Sustainable products are outpacing those that aren’t sustainable in sales growth and market share.
Yes, They Will Buy
New evidence from New York University/Stern’s Center for Sustainable Business and published in a recent Harvard Business Review, however, indicated that products branded as sustainable are responsible for an increasing amount of growth. Half of the growth in consumer packaged goods (CPG) in the 2013-2018 period, for example, stemmed from products marketed as sustainable. In fact, products that literally noted their sustainability on the packaging accounted for a 16.6 percent market share last year, a small but steady rise from the 14.3 percent market share they registered in 2013. Sales of those products rose even more dramatically, 29 percent, between 2013 and 2018.
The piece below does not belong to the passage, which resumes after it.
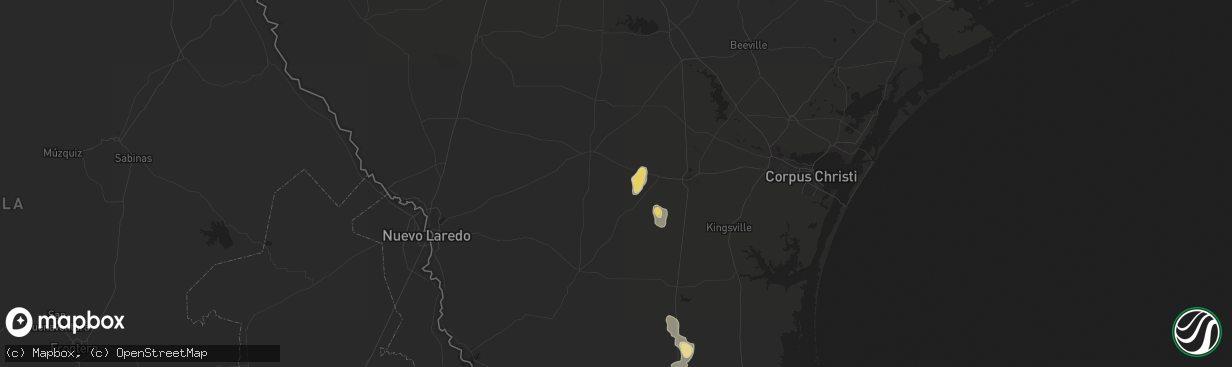 Hail map in San Diego, TX on October 22, 2021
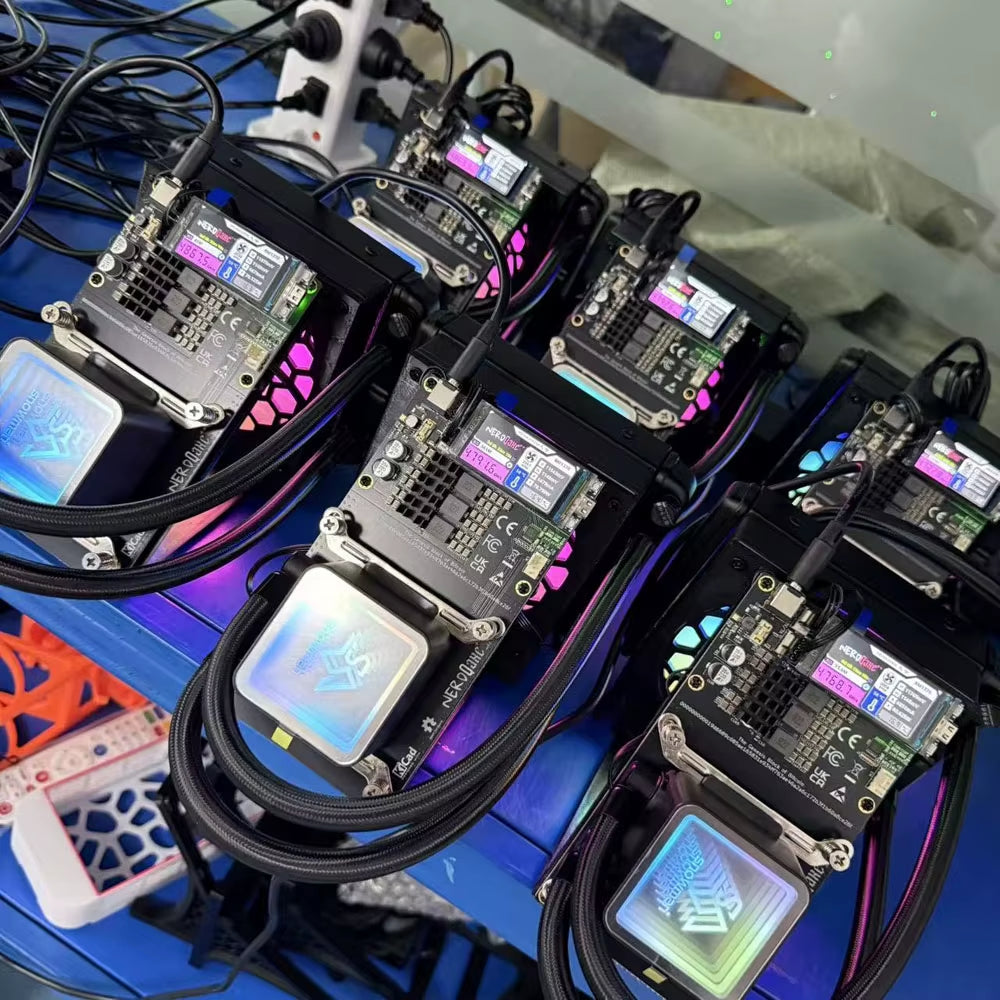 Brand New Nerdqaxe++ Hydro 4.8Th/S 80W BTC Miner 16J/Th 4*BM1370 ASIC Chips, 2.4G Wifi Crypto Machine Open-Source Miner with PSU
The increasing consumer acceptance – and its translation into actually purchasing decisions – wasn’t found solely in market share and sales. It was found in a more competitive picture for sustainable products versus products that were not marketed as sustainable. A popular sustainable living blog notes that sustainable products grew 5.6 times as fast as nonsustainable products. Even when the growth differential was not that high, 90 percent of CPG products that were sustainable grew faster than their nonsustainable counterparts.
The data seem to be clear; sustainable products are increasingly meeting with consumer favor. If it was mostly lip service in the past, that now appears to be in the rearview mirror.
Consumers are increasingly purchasing products marketed as sustainable.
What Companies Should Do
What does this mean for business strategy and business leadership in CPG companies? The authors are unequivocal. Consumers want sustainable products. Companies that don’t provide them are missing an increasingly large boat.
HBR cites PepsiCo and Unilever as two legacy companies that have increasingly developed and marketed sustainable products (or sustainable packaging for existing products). Unilever, for instance, has developed a group of “sustainable living” brands that are now responsible for 70 percent of its turnover growth. It has also pursued an acquisition strategy of purchasing brands seen as sustainable to a loyal customer base, such as Sundial Brands, Seventh Generation, and Pukka Herbs.
Kraft Heinz, on the other hand, has pursued a very different business strategy. Kraft and Heinz merged four years ago, and one of the architects of the move, 3G, is known for its emphasis on cost-cutting. The merger also emphasized the venerable consumer brands: ketchup, cheese, and hot dogs, among others. Kraft Heinz has also tried to buy Unilever.
Kraft Heinz missed its own earnings per share targets, and the company is underperforming. Lack of sustainability is only one part of this story, of course, but it does indicate that companies with legacy brands need to take much stronger notice of the move to sustainability not just as a concept but as active engagement in the kitchens and pantries of the U.S.